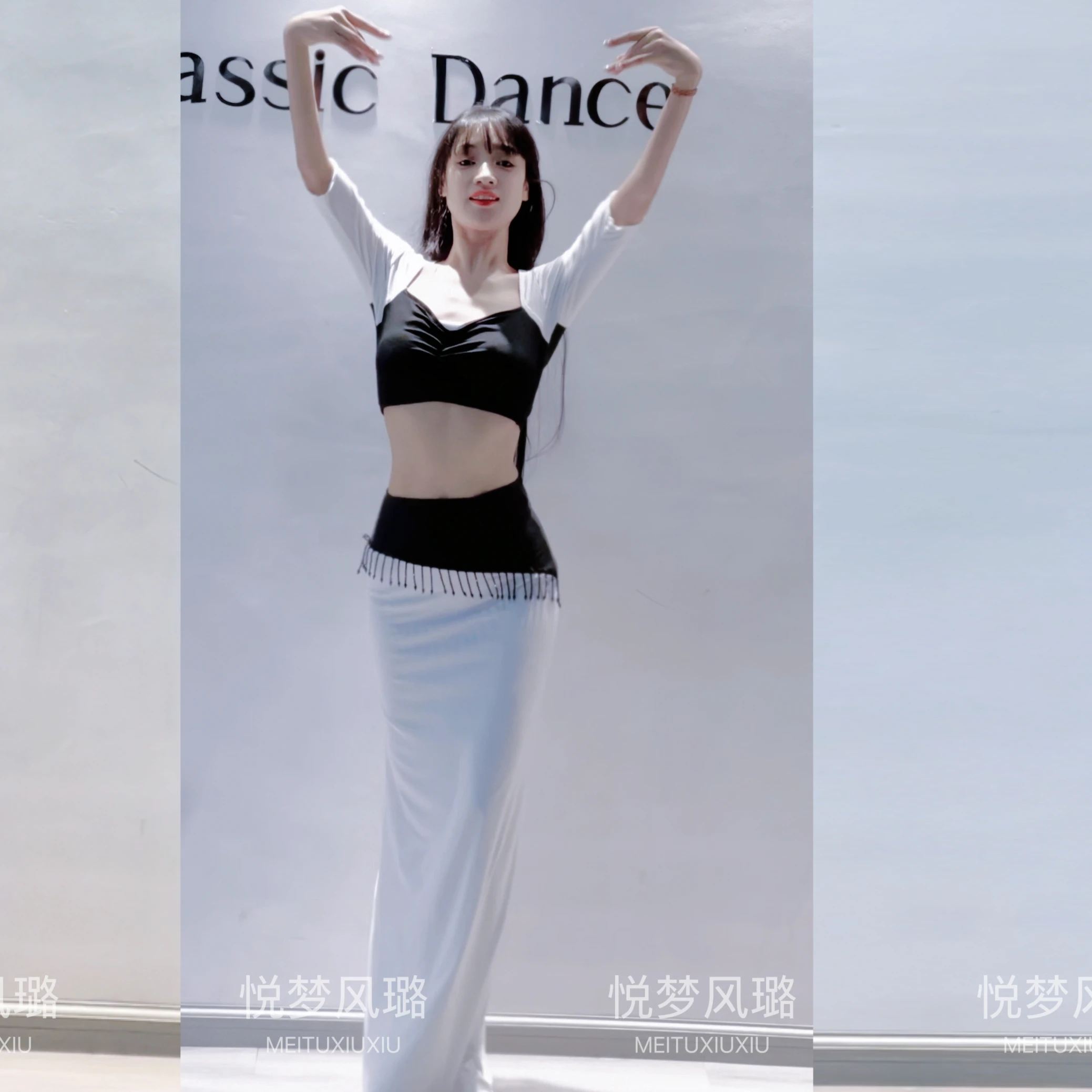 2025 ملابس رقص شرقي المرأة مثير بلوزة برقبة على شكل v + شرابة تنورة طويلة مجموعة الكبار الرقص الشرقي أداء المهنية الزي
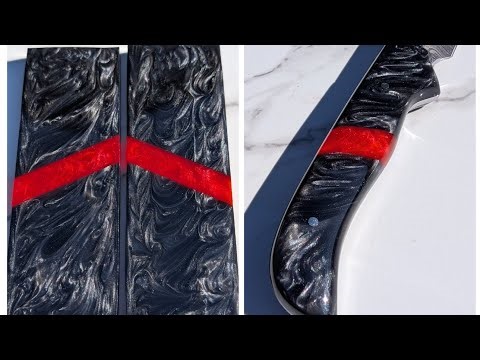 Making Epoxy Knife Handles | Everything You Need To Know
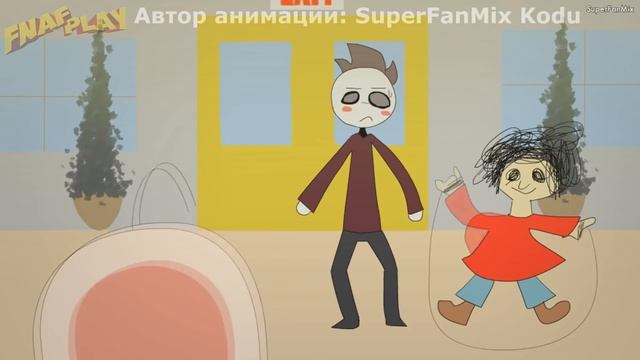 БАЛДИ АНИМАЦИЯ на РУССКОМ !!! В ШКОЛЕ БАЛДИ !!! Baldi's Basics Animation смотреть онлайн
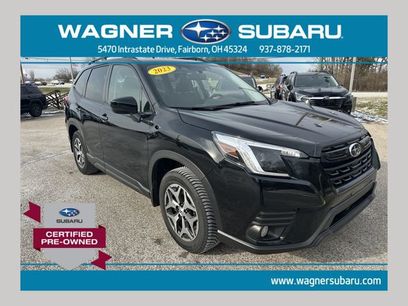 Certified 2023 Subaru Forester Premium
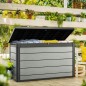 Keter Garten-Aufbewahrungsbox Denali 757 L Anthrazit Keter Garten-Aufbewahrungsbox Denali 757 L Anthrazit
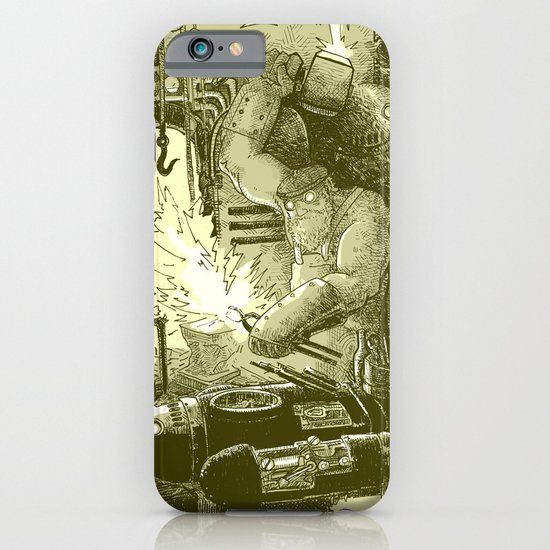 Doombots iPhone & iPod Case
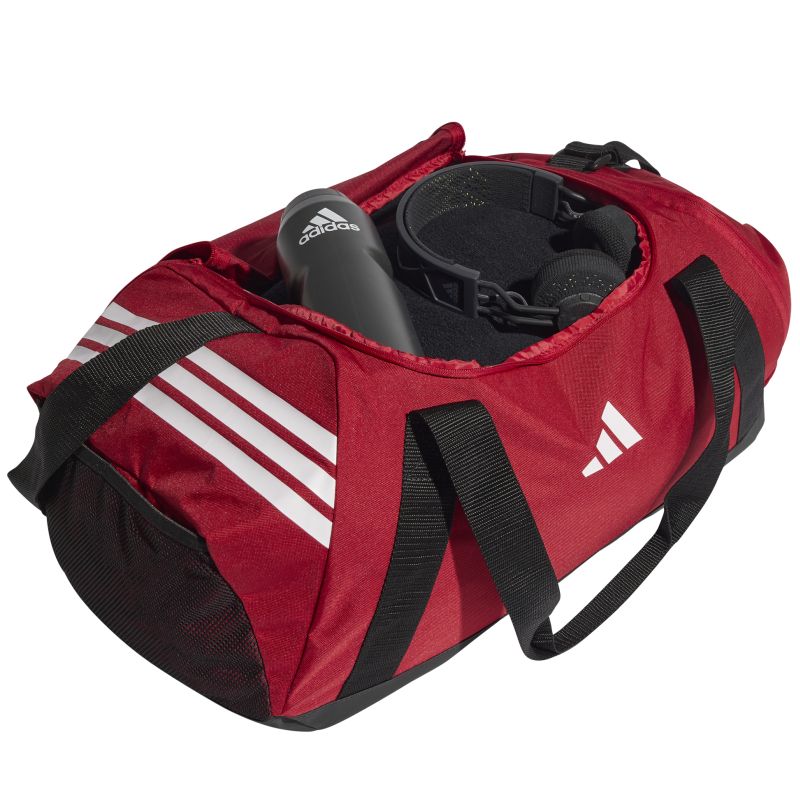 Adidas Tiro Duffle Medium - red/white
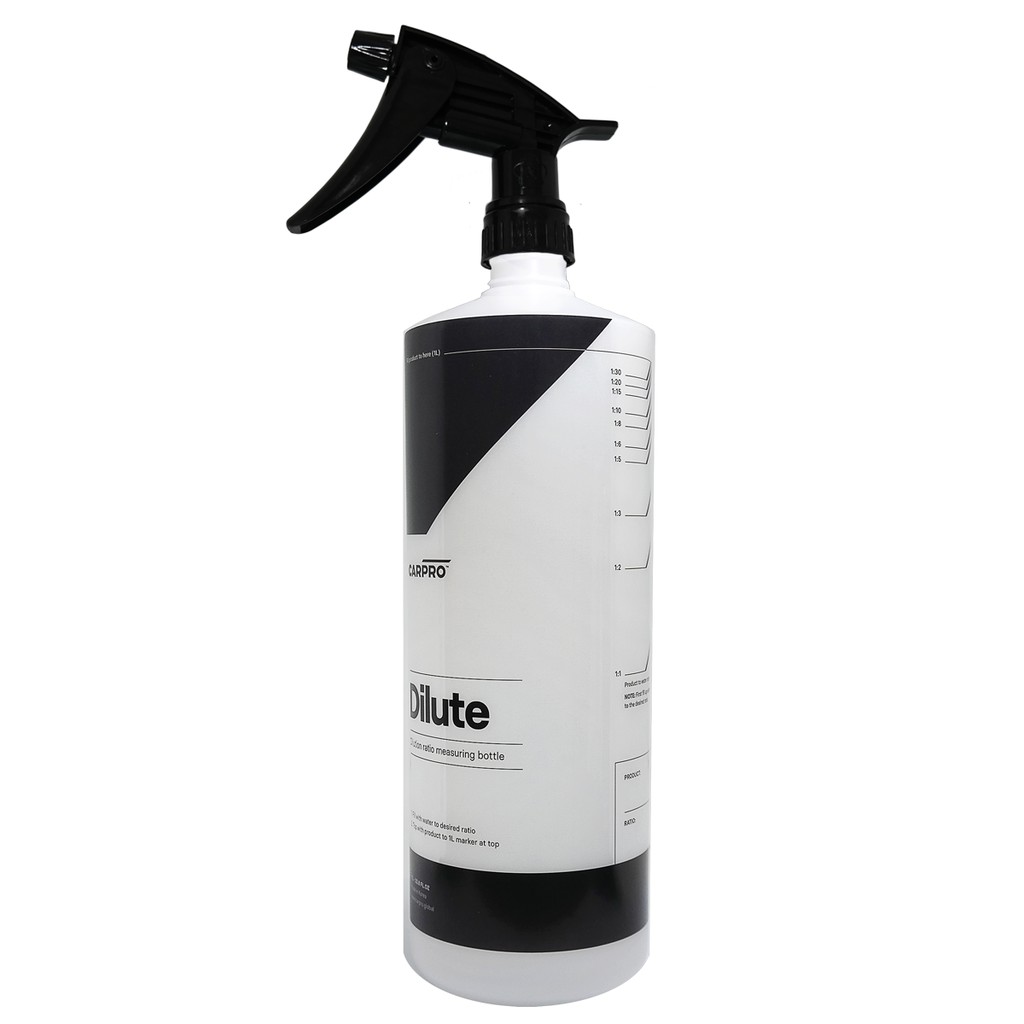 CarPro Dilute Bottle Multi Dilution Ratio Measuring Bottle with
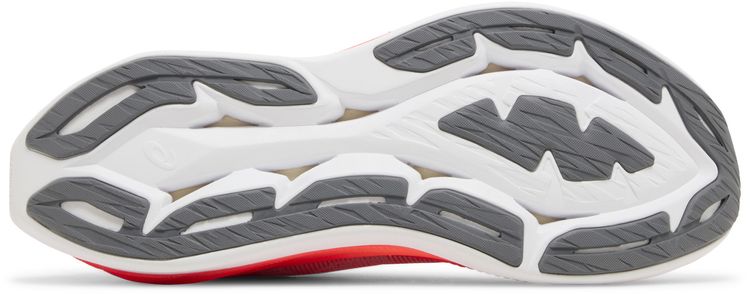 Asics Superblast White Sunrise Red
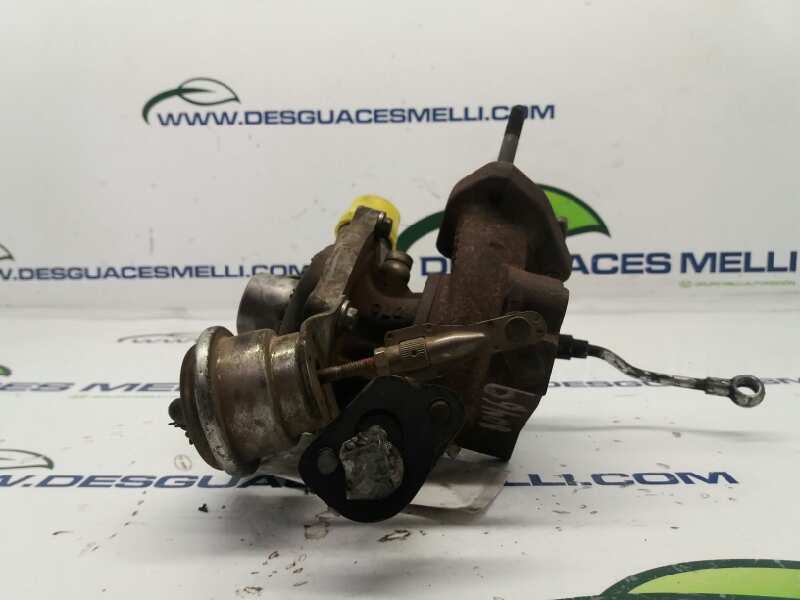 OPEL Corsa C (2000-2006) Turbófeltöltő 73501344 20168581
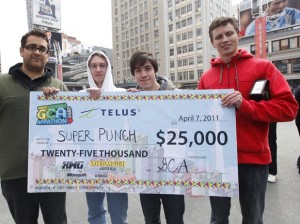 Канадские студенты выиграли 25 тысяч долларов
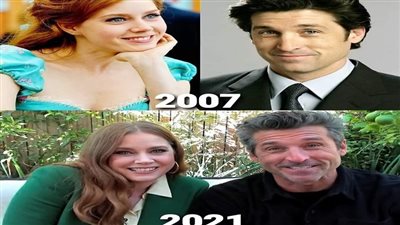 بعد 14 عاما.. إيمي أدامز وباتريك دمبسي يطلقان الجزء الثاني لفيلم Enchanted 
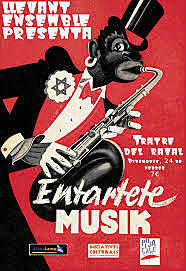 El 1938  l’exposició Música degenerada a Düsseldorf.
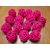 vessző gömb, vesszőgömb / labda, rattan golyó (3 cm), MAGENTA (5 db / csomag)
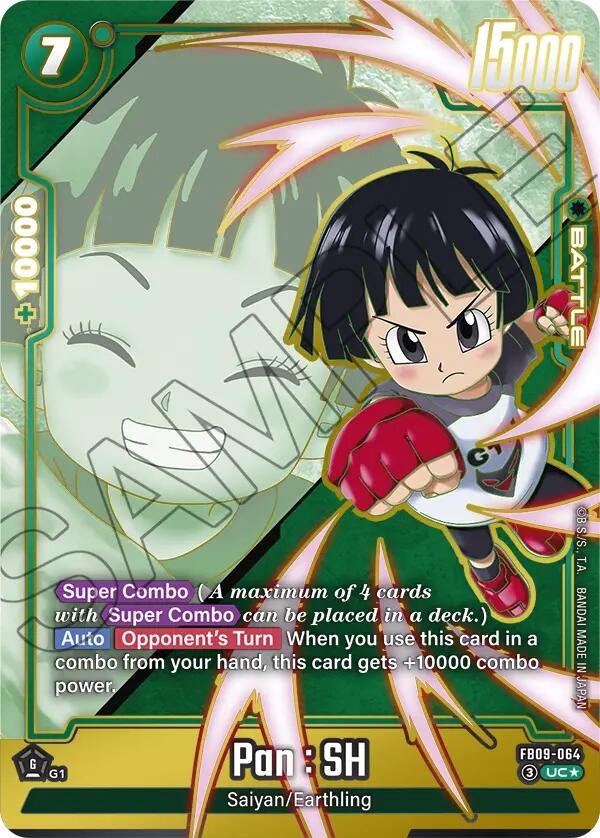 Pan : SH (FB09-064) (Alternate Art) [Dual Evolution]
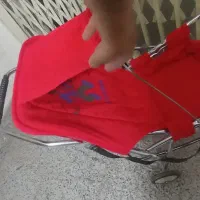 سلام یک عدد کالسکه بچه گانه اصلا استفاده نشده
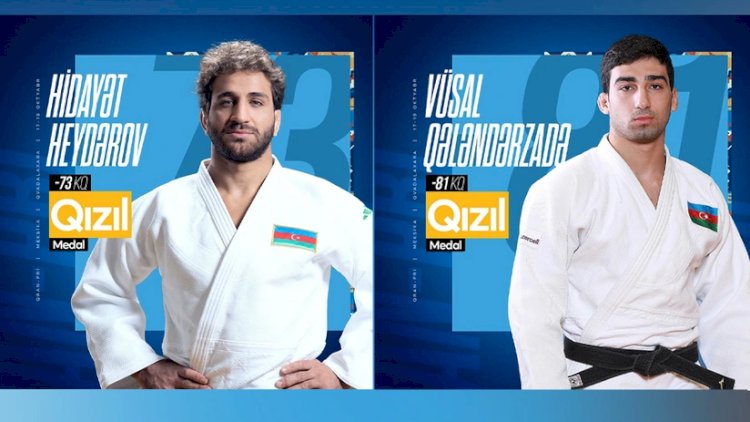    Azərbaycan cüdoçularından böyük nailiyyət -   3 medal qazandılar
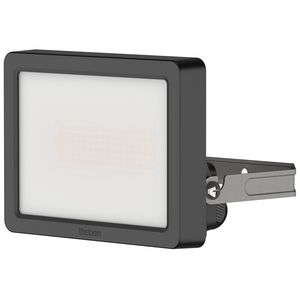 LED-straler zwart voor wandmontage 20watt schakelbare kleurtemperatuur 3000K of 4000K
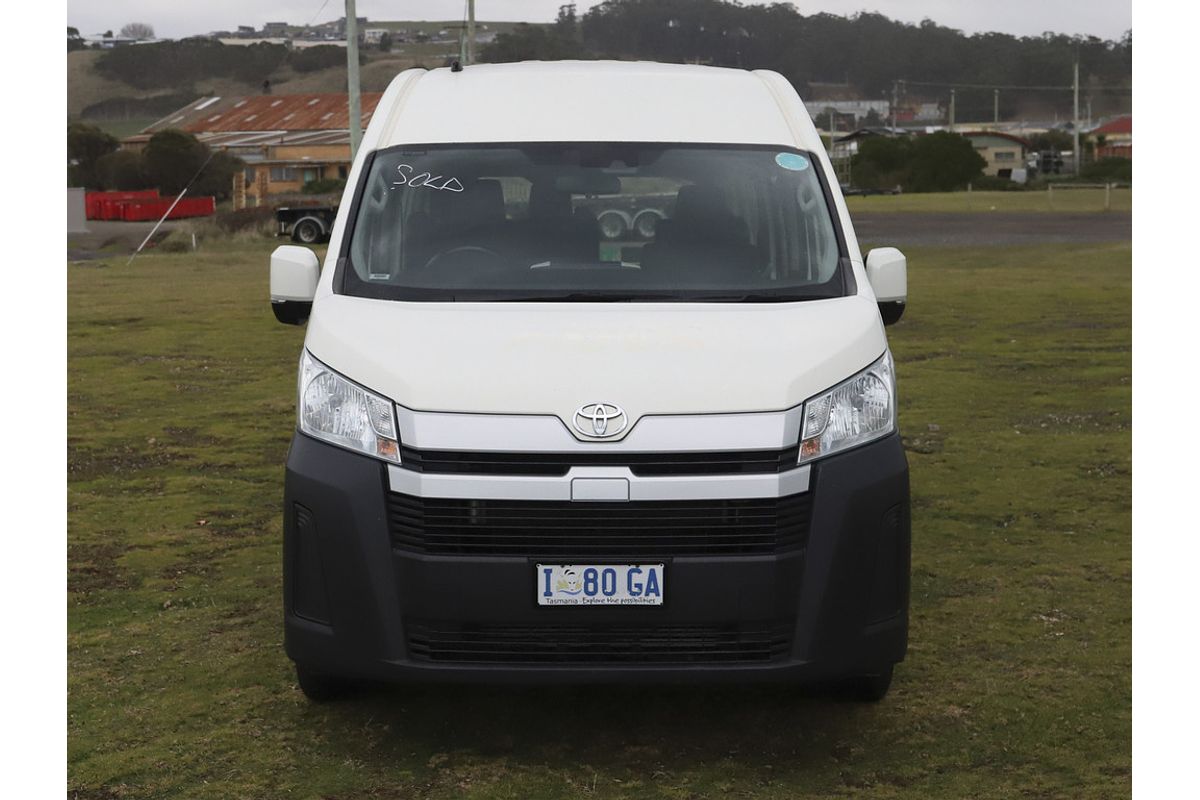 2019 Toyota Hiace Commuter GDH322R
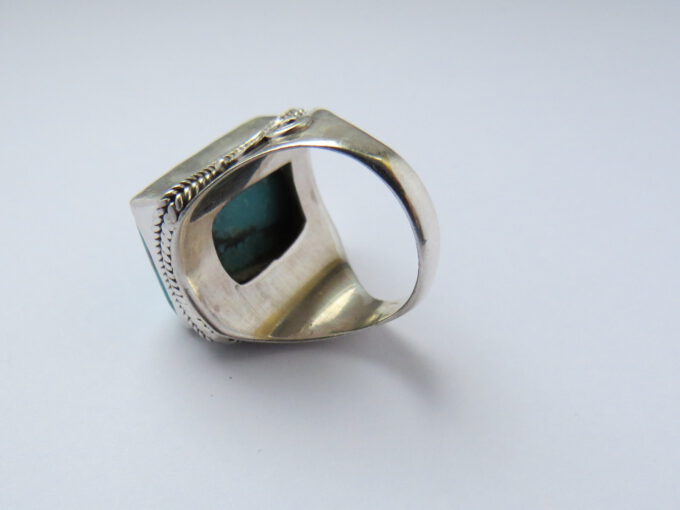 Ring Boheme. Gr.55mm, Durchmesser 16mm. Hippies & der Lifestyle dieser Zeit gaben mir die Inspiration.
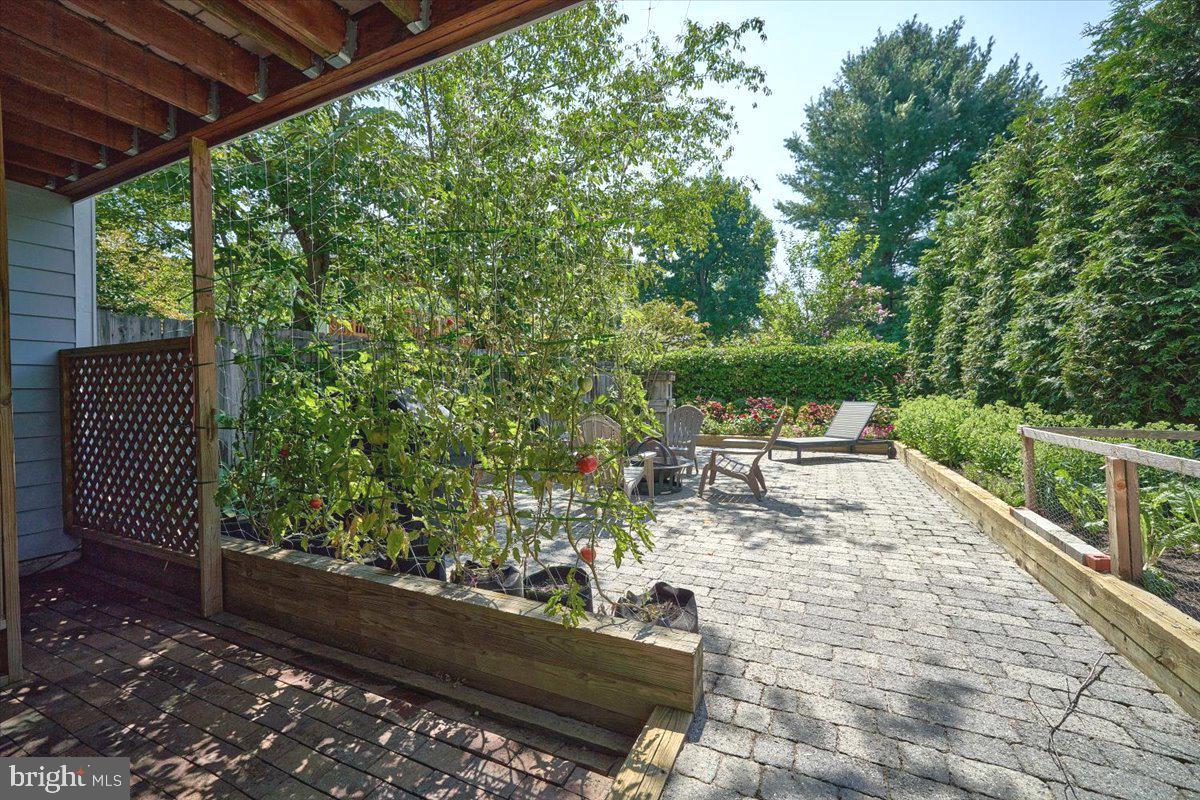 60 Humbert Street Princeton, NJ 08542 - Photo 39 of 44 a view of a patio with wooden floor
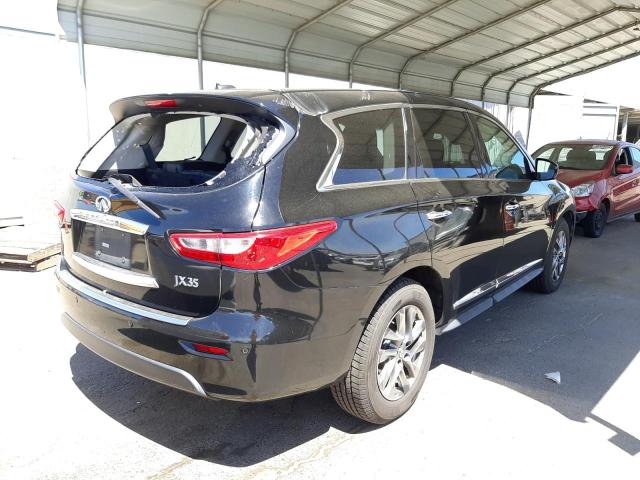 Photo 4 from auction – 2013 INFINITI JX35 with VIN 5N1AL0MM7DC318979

• • • •

== TASK OBJECTIVE ==
Your answer must consist only of the lines from the one containing "CarPro Dilute Bottle" through the end of the entries, restated word for word, with no pictures.

== RESULT OF THIS TASK ==
 CarPro Dilute Bottle Multi Dilution Ratio Measuring Bottle with
 Asics Superblast White Sunrise Red
 OPEL Corsa C (2000-2006) Turbófeltöltő 73501344 20168581
 Канадские студенты выиграли 25 тысяч долларов
 بعد 14 عاما.. إيمي أدامز وباتريك دمبسي يطلقان الجزء الثاني لفيلم Enchanted 
 El 1938  l’exposició Música degenerada a Düsseldorf.
 vessző gömb, vesszőgömb / labda, rattan golyó (3 cm), MAGENTA (5 db / csomag)
 Pan : SH (FB09-064) (Alternate Art) [Dual Evolution]
 سلام یک عدد کالسکه بچه گانه اصلا استفاده نشده
    Azərbaycan cüdoçularından böyük nailiyyət -   3 medal qazandılar
 LED-straler zwart voor wandmontage 20watt schakelbare kleurtemperatuur 3000K of 4000K
 2019 Toyota Hiace Commuter GDH322R
 Ring Boheme. Gr.55mm, Durchmesser 16mm. Hippies & der Lifestyle dieser Zeit gaben mir die Inspiration.
 60 Humbert Street Princeton, NJ 08542 - Photo 39 of 44 a view of a patio with wooden floor
 Photo 4 from auction – 2013 INFINITI JX35 with VIN 5N1AL0MM7DC318979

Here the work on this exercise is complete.